La memoria del male assoluto ha come scopo di tenere vivi e presenti davanti agli occhi gli effetti devastanti di una ideologia totalitaria come il nazismo, non solo, ma anche i collaterali effetti devastanti dell’indifferenza se non dell’acquiescenza rispetto all’orrore. La memoria che si concentra sull’orrore è una memoria tragica e di per sé potrebbe indurre a una paralisi emotiva, a un senso di disperazione, come in più casi è accaduto, rispetto alla natura umana o più in generale rispetto al senso dell’esistere.

Un modo per non rimanere paralizzati dalla memoria del male è quello di fare della memoria un uso diverso, positivo, pur nel contesto tragico da cui emerge. È qui che ci vengono in soccorso le azioni dei Giusti.
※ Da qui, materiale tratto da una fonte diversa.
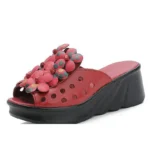 2025 New Summer Retro Genuine Leather Hollow Breathable Floral Outside Leather Women Slippers Platform Wedges Slides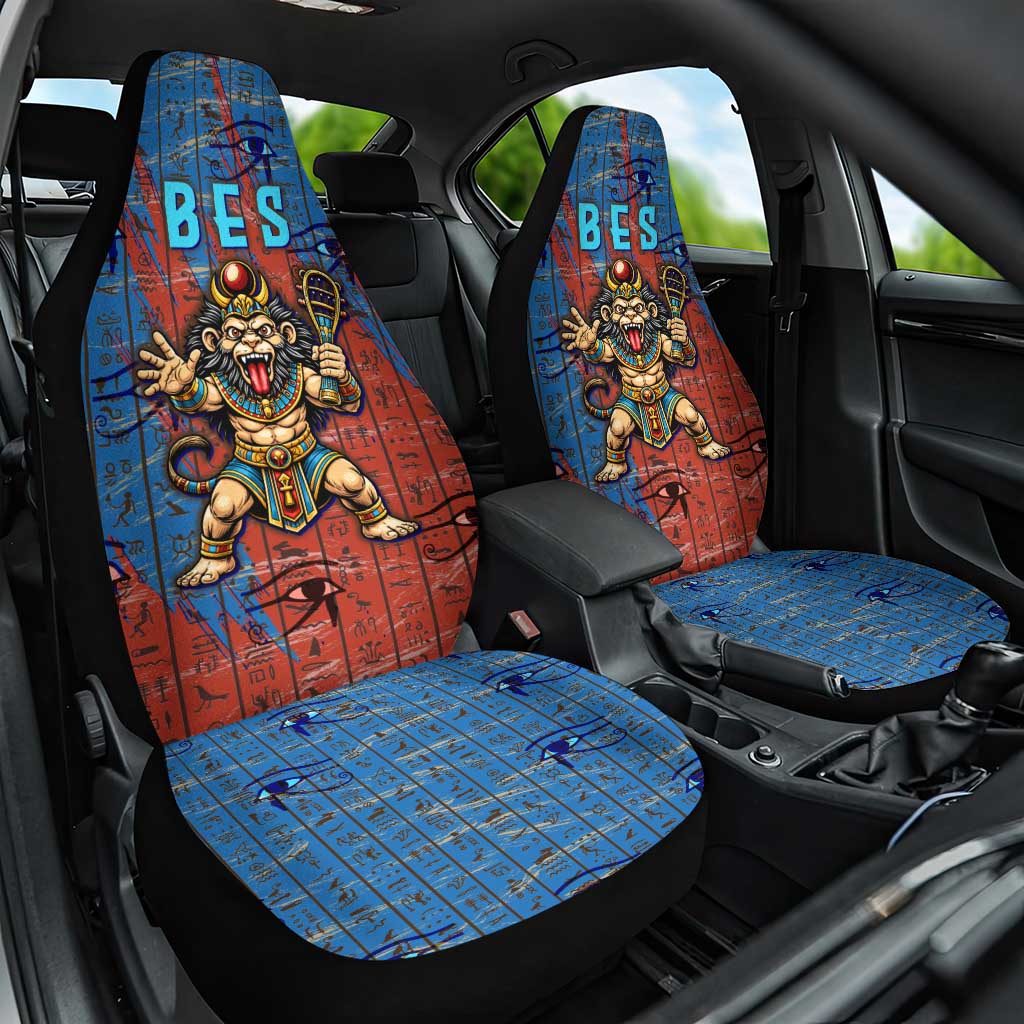 Bes Car Seat Cover Ancient Egyptian Hieroglyphs and Sacred Symbols Ancient Myth - African Pride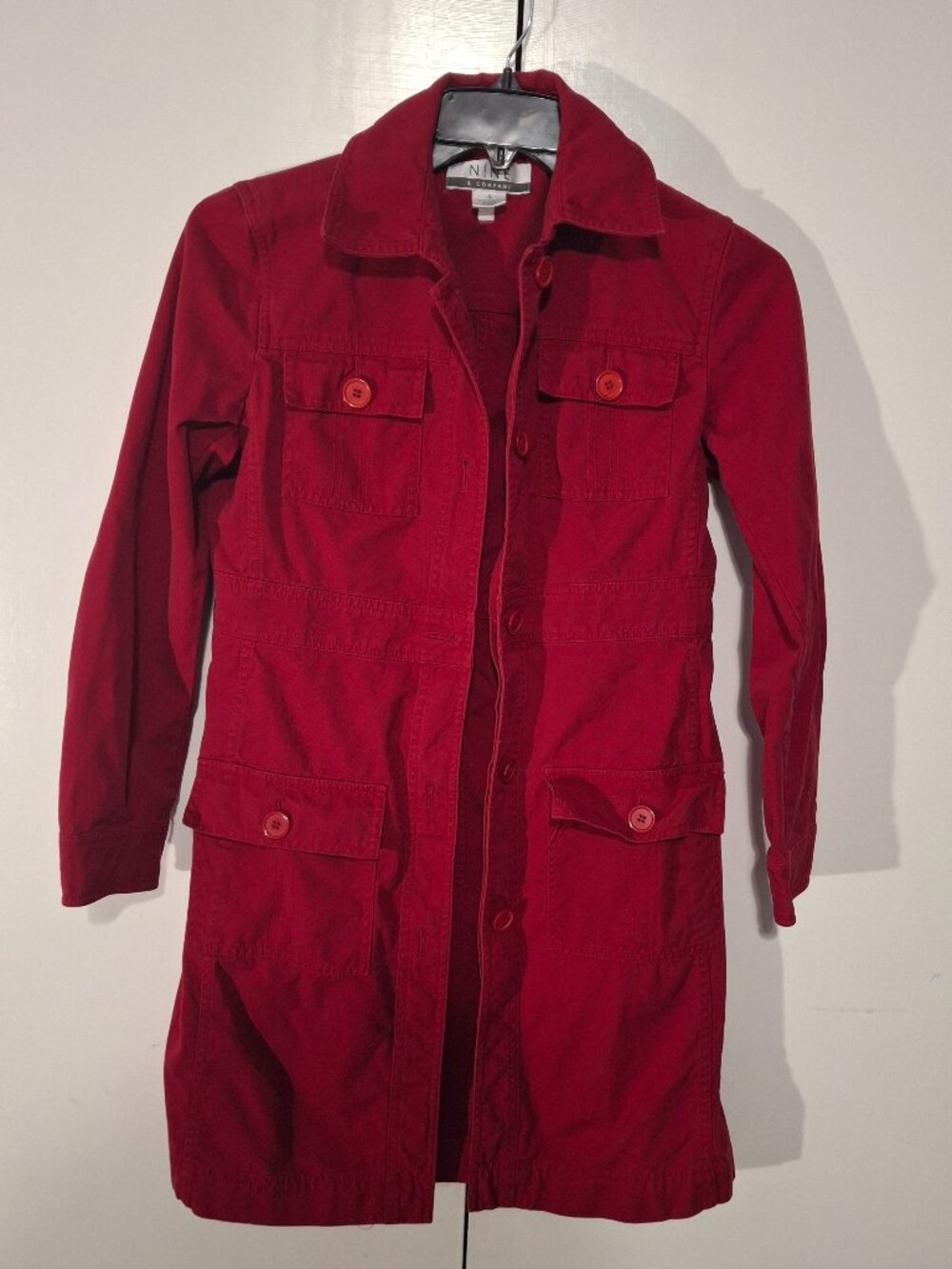 Nine & Company Size 4 Red Cotton Utility Trench Coat Long Jacket Y2K - Picture 2 of 8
Paradossalmente impostare un discorso sulla memoria partendo dalle azioni dei Giusti rappresenta una sorta di tradimento delle loro intenzioni. Questo perché il denominatore comune dell’atteggiamento dei Giusti verso le proprie imprese è quello di non renderle di pubblico dominio, di velarle col pudore di chi sa, o crede, di non aver compiuto niente di eccezionale. Di molti Giusti si sono scoperti gli atti di salvataggio o di impegno civile solo dopo la loro morte, e spesso quasi per caso, perché un salvato ha chiesto loro notizie o perché è venuto fuori da qualche parte un documento che rivela quanto è successo. Questo vale sia per i Giusti fra le Nazioni della Shoah sia per i giusti dei genocidi che purtroppo sono succeduti ad essa.

Le motivazioni private che spingono i Giusti a non vantarsi di quanto hanno fatto non possono però costituire una remora rispetto alla necessità di valorizzare e proporre come esempio quanto di positivo è avvenuto nei momenti oscuri della storia, quando il male sembra avere preso il sopravvento definitivo e le vie della speranza sembrano chiuse per sempre.

In un certo senso i Giusti ci insegnano a leggere in controluce la storia. Ricordare il bene che essi hanno compiuto significa innanzitutto tenere vivi i valori per cui essi hanno rischiato la vita e spesso l’hanno perduta. Ce lo ricorda Marek Edelman in conclusione del suo libro Il ghetto di Varsavia lotta: “noi, i salvati, lasciamo a voi, lettori, il compito di non far morire la loro memoria”, e nomina gli amici del ghetto sacrificatisi per la libertà e la giustizia. I loro nomi fanno tutt’uno con i loro ideali, che sono gli ideali di una umanità degna di questo nome.

Ai combattenti del ghetto di Varsavia, che non erano solo ebrei, possiamo tranquillamente attribuire il titolo di eroi, in quanto, pur consapevoli del destino a cui andavano incontro, essi nonhanno esitato a opporsi a un nemico la cui forza sembrava fino a quel momento imbattibile.

Dal punto di vista di ciò che essi intendevano salvare insieme alle loro vite potremmo anche definirli Giusti, ma in senso non letterale. Perché letteralmente Giusti, nella definizione datane nel 1962 dalla Commissione del memoriale dello Yad Vashem a Gerusalemme, sono i gentili di tutte le nazioni che hanno salvato ebrei nel corso della Shoah. I genocidi della storia recente, però, hanno costretto ad aggiornare questa definizione ed estendere il titolo di giusto a coloro che hanno rischiato la loro vita per salvare perseguitati della pretesa parte nemica, come nel caso del genocidio del Ruanda, della ex Jugoslavia, della Cambogia o dei Gulag staliniani.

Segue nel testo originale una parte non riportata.